There’s no denying the Strat influence, but to call the Silver Sky a “copy” doesn’t do it justice either. The instrument and all its components, from a unique bridge and jack plate to the pick-ups, to the distinctive scoop on the lower horn, were designed from the ground up. While the Silver Sky bears little outward resemblance to the “core” PRS line of guitars, it shares the same playability and build quality. This explains the positive reviews. Tim Pierce, a top L.A. studio guitarist, provides a compelling and unsolicited endorsement in a widely viewed YouTube video, where he compares the Silver Sky favorably to a $20,000 vintage instrument.
How well has the Silver Sky been accepted? There are currently over 4,000 on back order, and it contributed to a 27% sales gain at PRS in 2017. Jack Higginbotham COO, says “It’s almost like we’ve gotten into a new business. It’s expanded our customer base.” Demand for the guitar continues unabated, putting PRS revenues on track to advance 20% to $60 million in 2018. For President Jamie Mann, staffing up to keep pace with the increased demand has become a daily challenge. “It takes six weeks to three months to get people on the factory floor up to speed,” he says. “A major focus of ours is attracting and retaining people.”

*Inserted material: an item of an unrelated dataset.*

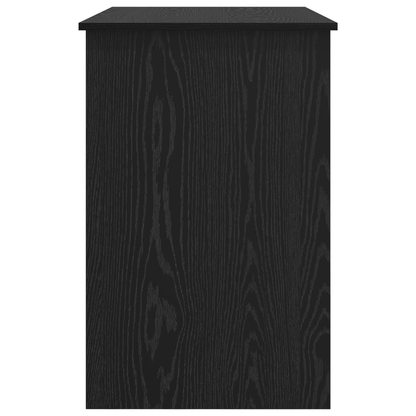 Bureau met lade Zwart eiken 100 x 50 x 76 cm Bewerkt hout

“We're reaping the results
of seeds we planted
several years ago.”
Paul Smith has always maintained that great guitars are the result of a multitude of well executed details. Similarly, while the Silver Sky is a bright spot, he attributes his company’s current upward trajectory to number of policies and practices adopted over the past decade. “We’re reaping the results of seeds we planted several years ago,” he says. Among these “seeds,” he points to a revised pricing structure that improved relationships with retailers, a revamped line of imported acoustic guitars, and the addition of lower-priced U.S.-made instruments in the form of the S2 Series. However, the most important component driving the company’s current fortunes is a relentless emphasis on quality, which he defines as “building guitars that are ready, right out of the case, for stage or studio.” It’s why production of premium Private Stock guitars are at an all-time high, why sales of the “core” line of U.S. built guitars are up about 45% of the past three years, and why the imported SE line has posted an 85% sales gain in the same time frame.

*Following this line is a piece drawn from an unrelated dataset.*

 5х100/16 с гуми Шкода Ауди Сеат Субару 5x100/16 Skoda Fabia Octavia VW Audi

PRS has an unusual approach to production quality that has evolved organically from the company’s earliest days as a small workshop shop in Annapolis. Higginbotham, who was one of the first employees, working in the sanding department, relates, “In those days, we couldn’t afford a separate quality assurance team so quality control became everyone’s job. If someone handed me a body to sand that wasn’t right, it was my job to flag the problem and get it fixed.” PRS now has a well-staffed quality control team that inspects incoming raw materials and gives each guitar a thorough inspection prior to shipment. Yet, each of the 220 employees on the factory floor continue to view themselves as integral to the quality process. Their attention to detail at every step of the production process is the major reason why PRS guitars get such high marks among players and retailers. Jim Cullen, who directs sales, explains, “We make sure we don’t build ‘boomerang’ guitars. Our goal is to ship them perfect so they don’t come back.”
Factory As Family
PRS management has consciously treated its staff as an extended family to foster this type of engagement. Paul Smith holds regular company-wide meetings where he explains “how your cog fits into the machine, and how your efforts are important to our success.” A strong “promote from within” ethos also contributes to the cohesive team spirit. Much of the PRS management staff is populated by people like Higginbotham, who got their start on the factory floor. Then there are the tangible rewards. After several tough years following the 2008 financial crisis, factory staff have recently been rewarded with generous year-end bonuses. The result is close zero turnover. Mann estimates that there is a combined 2,000-plus years of guitar making experience on the factory floor, and that there are skilled luthiers in every department. “People take pride in what they do here,” he says. “The ones who get into guitar making rarely leave.”
“I just saw 25,000 people turn out
to hear John Mayer play.
Don’t tell me there isn’t interest
in the guitar.”
An industrial engineer, who worked in management for Black & Decker before joining PRS ten years ago, Mann knows from experience that “left unattended, production quality will always stray.” To avoid this, the company holds weekly “Friday Meetings,” where a dozen or so guitars are pulled at random from the factory floor and subjected to a top to bottom inspection. Department heads, sales people, and top management participate in the process, all with a goal of uncovering any defects or opportunities for improvement. The rigorous exercise has yielded substantive improvements. Higginbotham says that tolerances on neck joints are more precise, finishes are thinner, resulting in more resonant guitars, and inlay work is neater. He adds, “We look at the quality process like painting the [Chesapeake] Bay Bridge. It’s never ending…once you finish, you have to start all over again.”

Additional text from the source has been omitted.